Problem requirements »
Once you find the line below that has "Spacious 4-bedroom with", output it and every line after it exactly, stopping after the line that has "Photo of 1547", with no pictures.

Material for this exercise »
------

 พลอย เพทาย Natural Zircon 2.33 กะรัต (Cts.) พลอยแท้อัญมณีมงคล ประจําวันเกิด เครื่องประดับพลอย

------

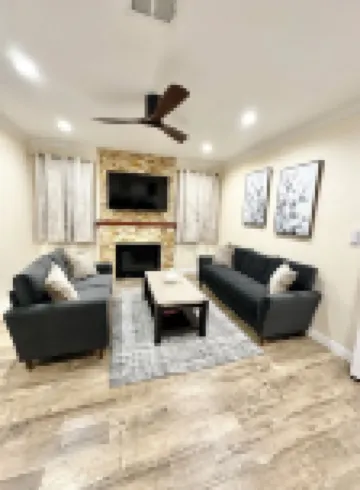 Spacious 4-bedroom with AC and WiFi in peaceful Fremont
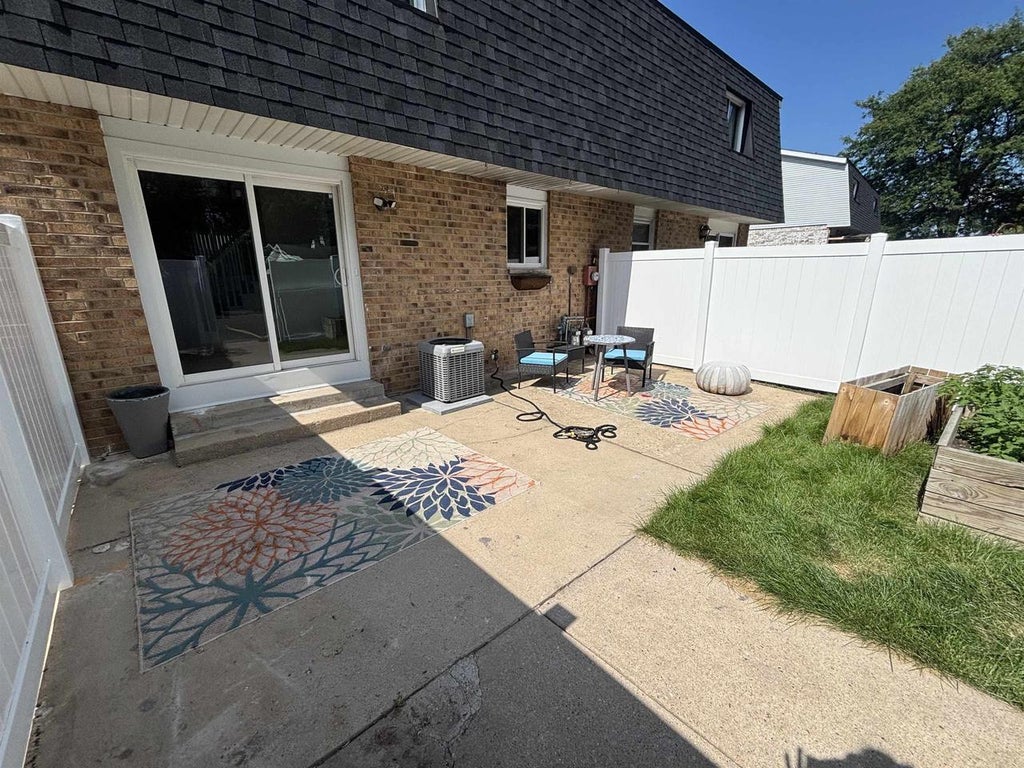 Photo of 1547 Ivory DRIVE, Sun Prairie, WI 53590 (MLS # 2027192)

------

Exercise answer »
 Spacious 4-bedroom with AC and WiFi in peaceful Fremont
 Photo of 1547 Ivory DRIVE, Sun Prairie, WI 53590 (MLS # 2027192)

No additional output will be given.